Thomas S. Huang

From ETHW
Revision as of 16:25, 31 August 2011 by Jherzog (talk | contribs) (Created page with "== Biography == Dr. Thomas S. Huang has made fundamental contributions to imaging and image processing throughout his illustrious career, including helping to pioneer important...")
(diff) ← Older revision | Latest revision (diff) | Newer revision → (diff)

Biography

Dr. Thomas S. Huang has made fundamental contributions to imaging and image processing throughout his illustrious career, including helping to pioneer important image-sequencing processes with wide-ranging applications.

In a career dedicated to working with images, Dr. Huang has made key contributions to multidimensional digital filtering, digital holography, compression of documents, transform coding of images, 3D motion analysis, multimodal human-computer interface, image/video databases, and more. Dr. Huang’s work includes collaborations with colleagues around the world, including work with Dr. Arun Netravali of Lucent Technologies’ Bell Labs. Together they have produced a number of papers which have inspired significant work in both industry and academia. Among the first to tackle digital image-processing research, they have solved many of the key problems of video processing.

Born in Shanghai, China, on 26 June 1936, Thomas S. Huang received his B.S. in Electrical Communication from National Taiwan University in 1956, and S.M. and Sc.D. degrees in Electrical Engineering from the Massachusetts Institute of Technology in 1960 and 1963, respectively.

Dr. Huang was on the faculty of MIT from 1963 to 1973. Subsequently, he became Professor of Electrical Engineering and Director of the Information Processing Lab at Purdue University.

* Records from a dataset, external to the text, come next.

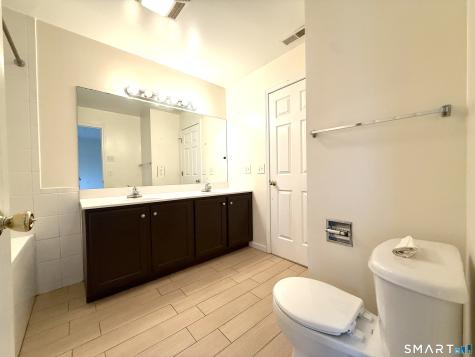 15 Scuppo Road Danbury CT 06811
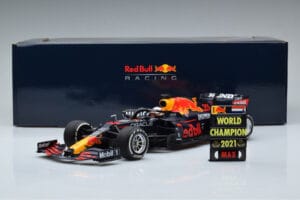 Red Bull Racing RB16B #33 M. Verstappen Abu Dhabi GP F1 World Champion 2021 Minichamps 1:18 110212333 Metaal — afbeelding 6 van 6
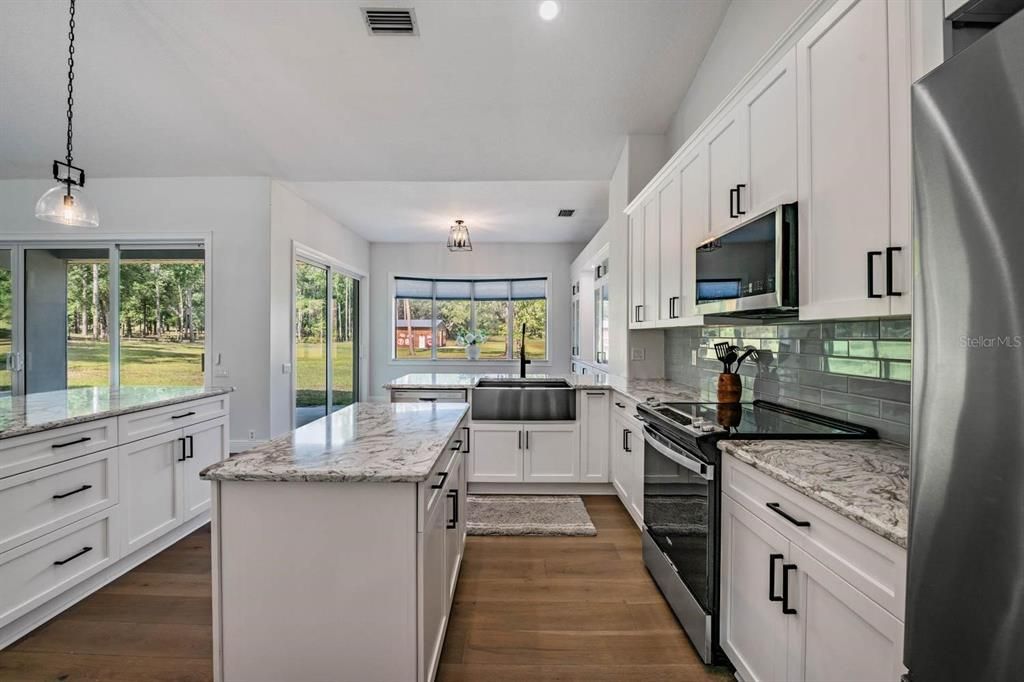 For Sale: $999,000 (3 beds, 3 baths, 2363 Square Feet)
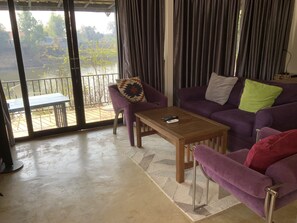 Kamar Deluks | Minibar, brankas, dan didekorasi berbeda-beda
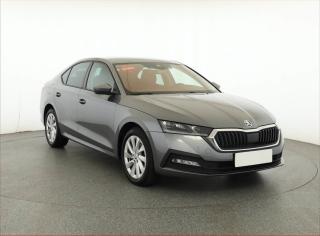 koda Octavia 1.5 TSI e-tec, Fresh
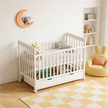 מיטת תינוק מעוצבת עם מגירת אחסון וגלגלים צבע:לבן | פתרון חכם לחדרי תינוקות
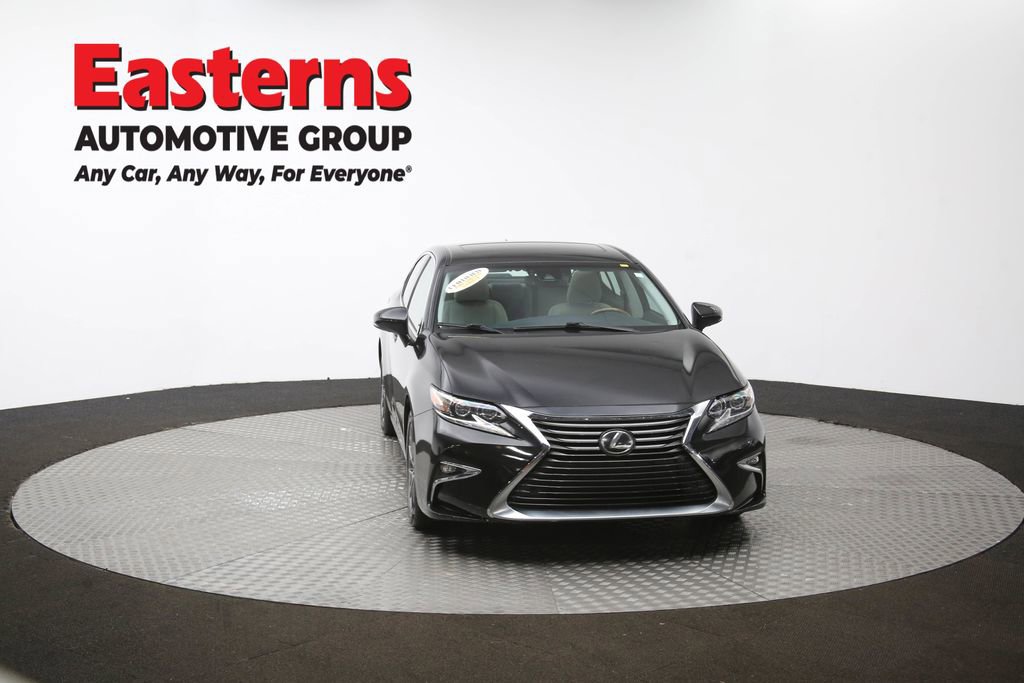 Used 2018 Lexus ES 350 350 w/ Luxury Package w/Wood Trim image 56
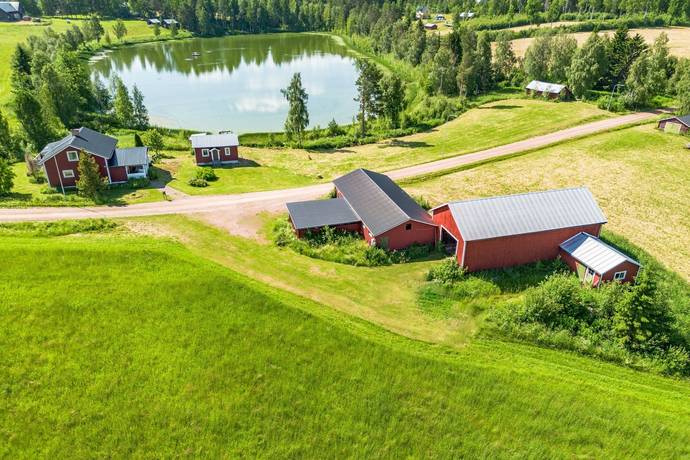 Gård med jordbruk på Näset 255 Näset Ragunda kommun - bild 1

In 1980, he joined the University of Illinois at Urbana-Champaign, where he holds numerous titles, including the William L. Everitt Distinguished Professor of Electrical and Computer Engineering.

During sabbatical leaves, he has worked at MIT’s Lincoln Lab, the University of Hannover (Germany), the Swiss Institutes of Technology in Zurich and Lausanne, the University of Tokyo, the University of Quebec, IBM Zurich Research Lab, and Bell Northern Research Canada. He has served as a consultant to numerous industrial firms and government agencies both in the U.S. and abroad, including Lucent Technologies’ Bell Labs, Kodak, and Canon.

Dr. Huang is a Fellow of the IEEE, and has chaired a number of conferences and committees. He is also a Fellow of the Optical Society of America, SPIE, and the International Association of Pattern Recognition. His numerous honors include the IEEE Signal Processing Society’s Technical Achievement and Society Awards, the IEEE Third Millennium Medal, and the Honda Lifetime Achievement Award for contributions to Motion Analysis.